[Exercise directions]:
Please return only the lines from the one holding "Cute Asian Couple" through the one holding "2013 Yamaha FZ6R", exactly as they appear in the records below, both ends included.

[Data excerpts]:

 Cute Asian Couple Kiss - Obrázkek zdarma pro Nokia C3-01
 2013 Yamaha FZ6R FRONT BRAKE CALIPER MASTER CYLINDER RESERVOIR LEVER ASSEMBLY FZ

==

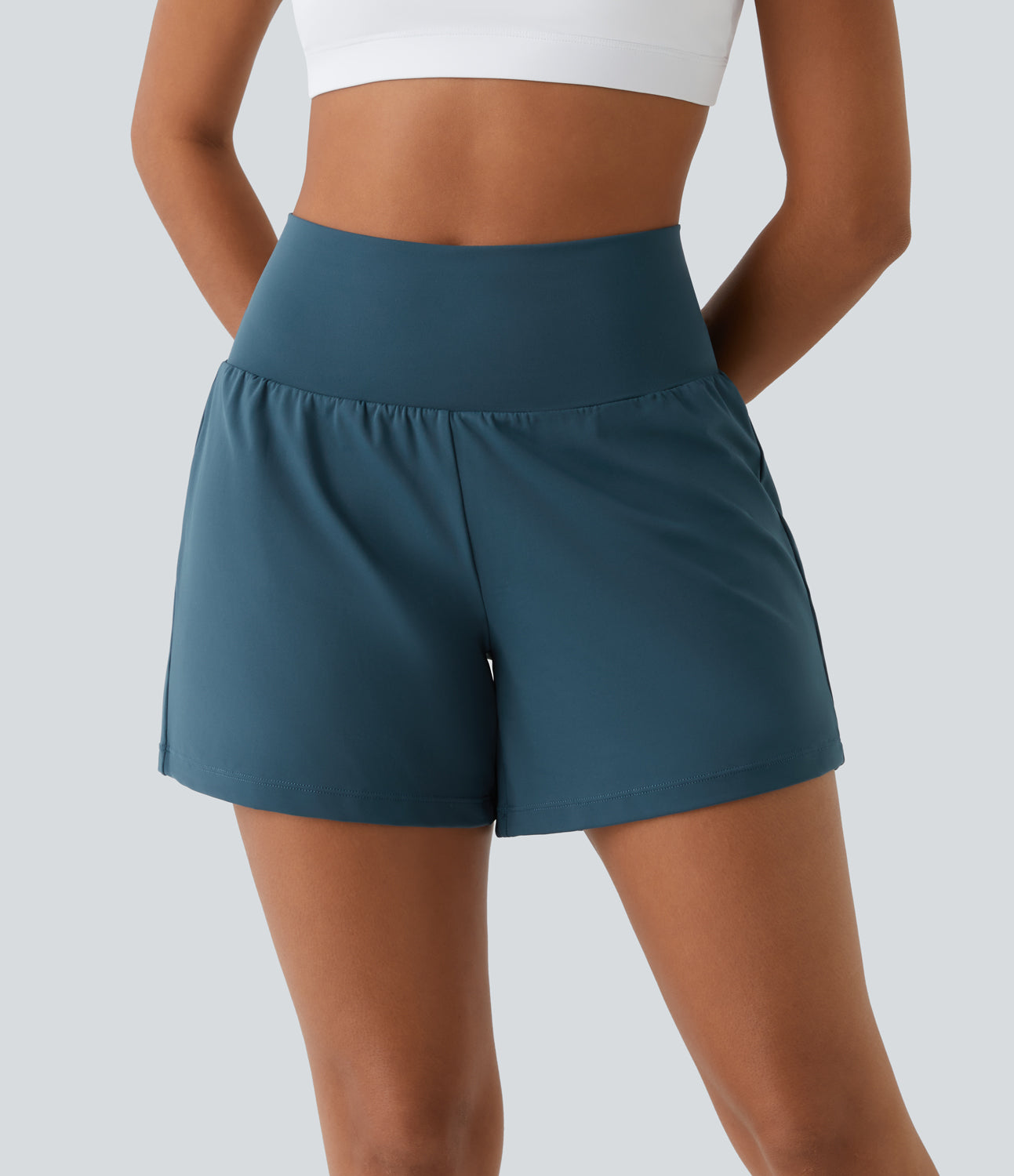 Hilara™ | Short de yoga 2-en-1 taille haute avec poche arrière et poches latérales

[Reply]:
 Cute Asian Couple Kiss - Obrázkek zdarma pro Nokia C3-01
 2013 Yamaha FZ6R FRONT BRAKE CALIPER MASTER CYLINDER RESERVOIR LEVER ASSEMBLY FZ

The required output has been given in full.